Work to complete ▸ What you return should match the listing exactly, minus its images.

Data segment ▸
- Opening Delimiter -
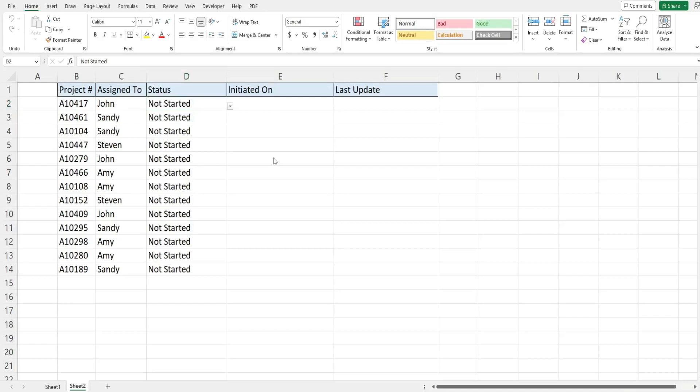In this video we're gonna write code in Excel VBA that automatically adds a date and time stamp to the right of a cell that gets edited. So what you see here is a preview of what we're gonna create today.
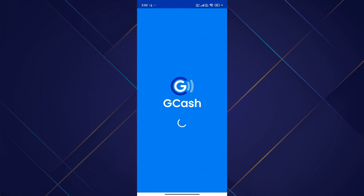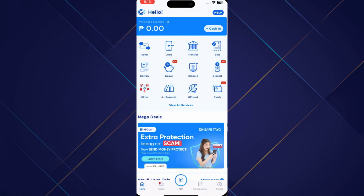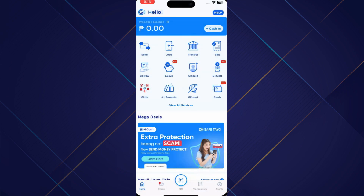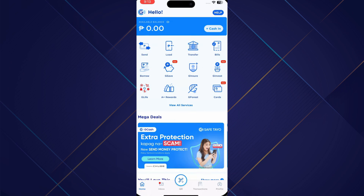First of all, open up your GCash and log into your account. Once you are in, you just need to click on the send money button.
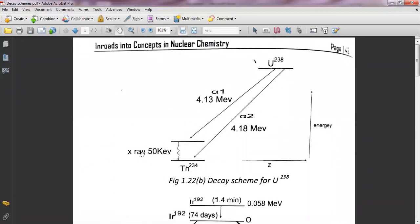This is all about the decay scheme and how you can plot a decay scheme using radioactive data. Thank you for watching, and see you in another lecture.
- Closing Delimiter -
Solution ▸
In this video we're gonna write code in Excel VBA that automatically adds a date and time stamp to the right of a cell that gets edited. So what you see here is a preview of what we're gonna create today.
First of all, open up your GCash and log into your account. Once you are in, you just need to click on the send money button.
This is all about the decay scheme and how you can plot a decay scheme using radioactive data. Thank you for watching, and see you in another lecture.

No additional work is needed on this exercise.